Mary, Coredemptrix (Good Friday)
By Father Scott Archer
April 2, 2021
No grief could be more profound than the sinless
Mother of God gazing upon her only Son as He suffered and gave His life on the
cross for our redemption. The words of the Stabat Mater attempt to depict
the sorrow of the ever-Virgin Mary and her union to Christ in His agony. "At the cross her station keeping,/Stood the mournful Mother weeping,/Close to Jesus to the last."
The suffering of Our Lady, however, was not in vain and was in
the plan of God.
A title we use for Our Lady is Coredemptrix. Christ
is the sole Redeemer of mankind and it was necessary for Mary to be redeemed by
her Son’s death, though God applied the merits of His future death in a
prevenient way at the first instant of her conception. The title Coredemptrix means
she played a subordinate but indispensable role in the redemption by freely
giving her assent to be the Mother of God; furthermore, she cooperated
intimately in the events of our redemption. St. John Paul II said, “Mary, though conceived and born without
the taint of sin, participated in a marvelous way in the sufferings of her
divine Son, in order to be Coredemptrix of humanity” (General Audience, 8
September 1982).
The motherhood of
Our Lady was inevitably pointing toward the sacrifice we commemorate on Good
Friday; that is, the atoning sacrifice of her Son. The
Son of God took on human flesh at her word so as to redeem mankind and free us
from sin and death. Again
submitting herself freely to the will of God, Mary stood beneath the cross and
offered the suffering of her pierced heart while, as blood and water came forth
from the side of Christ, she witnessed the birth of the Church.
Pope Pius XII wrote, “Mary, in taking an active part in the work of salvation, was, by God’s design, associated with Jesus Christ, the source of salvation itself, in a manner comparable to that in which Eve was associated with Adam, the source of death, so that it may be stated that the work of our salvation was accomplished by a kind of ‘recapitulation,’ in which a virgin was instrumental in the salvation of the human race, just as a virgin had been closely associated with its death” (Ad Caeli Reginam, October 14, 1954).
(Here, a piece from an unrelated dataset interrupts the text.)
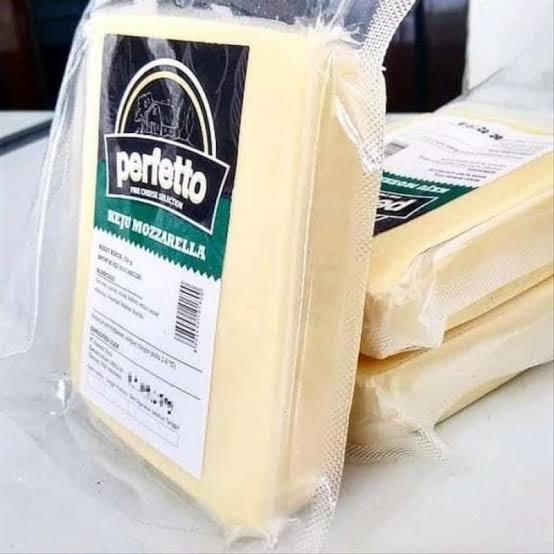 

Perfetto Keju Mozarella 200 gr Repack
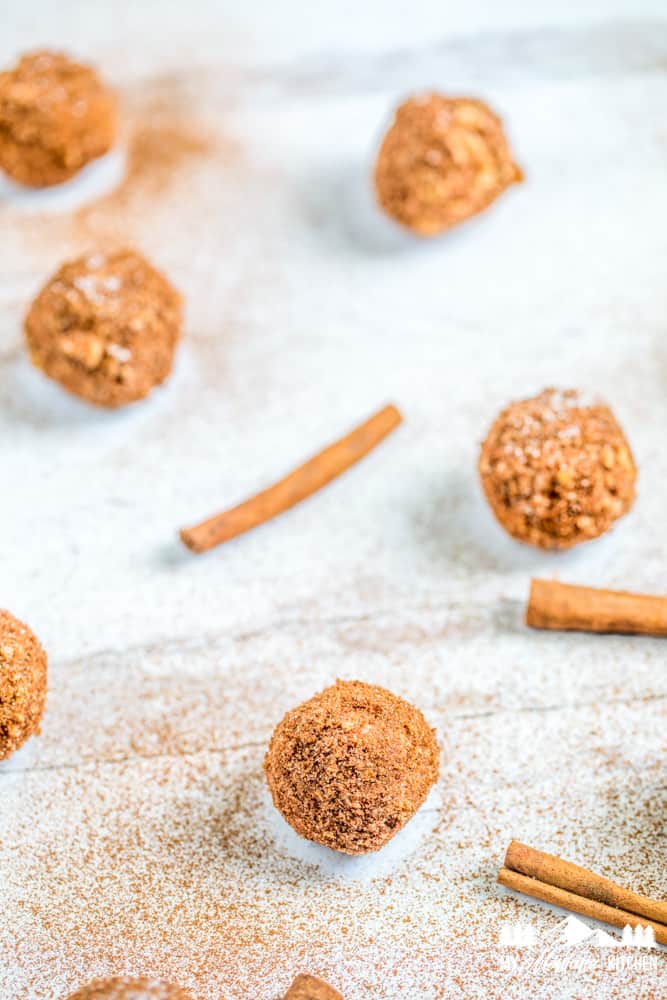 Bombas de grasa de churro espolvoreadas con canela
Therefore, Our Lady is the new Eve, as Christ is the new Adam. Saint Maximilian Kolbe said, “From that moment God promised a Redeemer and a Coredemptrix saying: ‘I will place enmities between thee and the Woman, and thy seed and her Seed; She shall crush thy head.'”
As we commemorate Christ’s passion and death for our redemption, let us not forget the role played by Our Lady, and with her, faithfully stand at the foot of the Cross, knowing that it leads to eternal life.